Perhaps these tracks were files taken from Rock Band or a similar video game? That would explain why they would have effects and also explain how an FM radio station (even if it is LA) would get their hands on them.
posted by sourwookie at 4:11 PM on March 12, 2017


That does seem to be how most "stems" or "stem tracks" get released into the wild, unless the artist has specifically released them for remix purposes. (Pretty sure NIN has done that at least a couple of times.)
posted by soundguy99 at 6:20 PM on March 12, 2017 [2 favorites]


"Rio" was featured on Band Hero, which it would not surprise me to learn these stems were obtained from somehow. I worked on some of the "Hero" titles, and it was often surprising how complex many pop songs I'd thought were simple were, and how hilarious isolated vocals could be.

Trying to play the drums from Rio was a humbling experience.
posted by Durhey at 1:13 PM on March 13, 2017 [1 favorite]


Taylor's basslines are amazing. He has Bernard Edwards' bass and Edwards was a big influence on him.


the Music Man is of course the bass, but, iirc, wikipedia says that Edwards also played a B.C. Rich on occasion, which is not what I would have guessed for a second line bass for him, as I will forever associate it with half-assed high school metal bands in paneled dens.
posted by thelonius at 2:01 PM on March 13, 2017


I don't know how old you are, but I've blown a couple of people's minds by telling them B.C. Rich was originally a high end guitar maker played by many of the biggest stars in the 70's.
posted by bongo_x at 3:38 PM on March 13, 2017


well, they just sent me an AARP card in the mail.....I had been ignorant of their pre-80's existence. In fairness, naming a guitar brand the "Bich" was something they did, not me
posted by thelonius at 5:40 PM on March 13, 2017 [1 favorite]

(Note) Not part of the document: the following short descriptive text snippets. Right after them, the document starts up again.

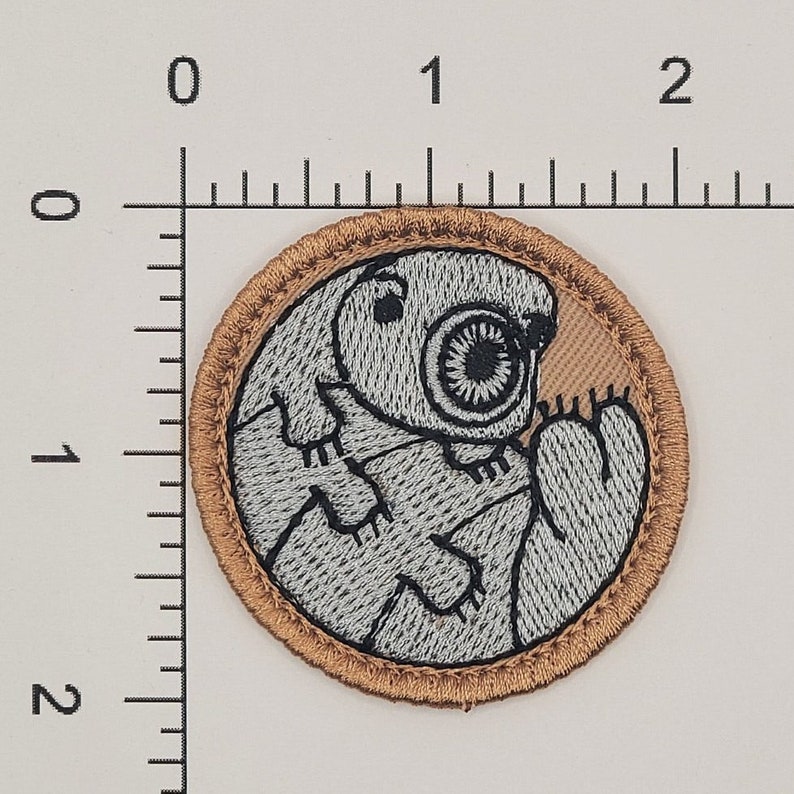K&ouml;nnte beinhalten: Gestickter Aufn&auml;her mit einem stilisierten B&auml;rtierchen, auch Tardigrade genannt, in Grau- und Schwarzt&ouml;nen. Der runde Aufn&auml;her hat einen braunen Rand und einen braunen Hintergrund. Der Aufn&auml;her hat einen Durchmesser von ca. 2,5 cm.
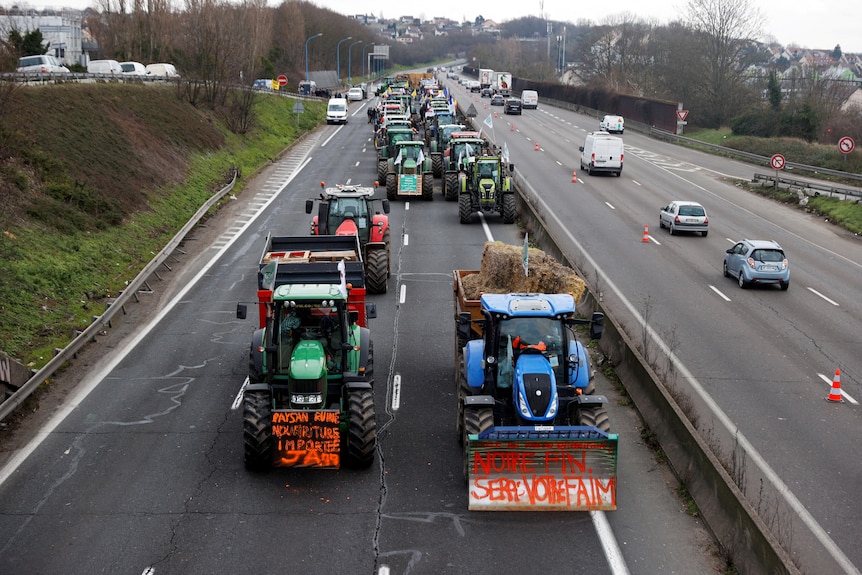 Tractors in two long rows on one side of a majpor highway.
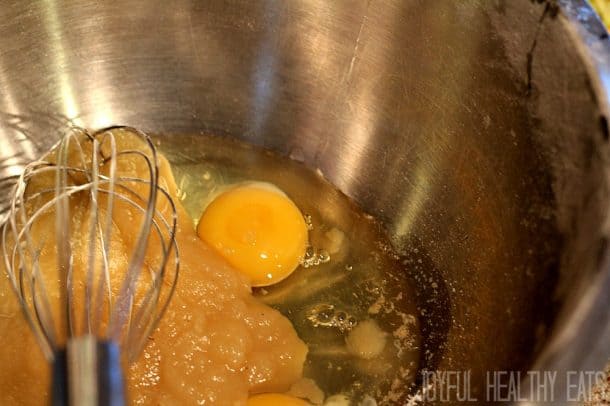 Wet ingredients for Carrot Zucchini Bread in a mixing bowl with a whisk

NIN's stem releases for fan remixes also had their effects pre-rendered. But they were hella fun to play with anyway.
posted by infinitewindow at 6:05 PM on March 13, 2017


Effects are rarely put onto a track while tracking, but are usually added in the mix--meaning effects normally wouldn't be found in an original isolated track.

that depends - in the us, people tend to wait to do the effects, but in the uk, it used to be pretty common to print with fx, at least some of them - and once you go back to the time period where they were tracking on 8 or even 4 track machines, they pretty much had to commit to a sound early

not really sure of what the set up was on led zeppelin ii, but the first album was recorded on 4 track and it's a masterpiece of audio engineering - the desk they used at olympic studios in 68 was 12 to 4 - by led zeppelin ii, they were up to 8 track, i think
posted by pyramid termite at 6:11 PM on March 13, 2017 [1 favorite]


Is there anywhere online to listen to the hour-long programs that are occasionally referenced? I haven't had any luck finding them on my own.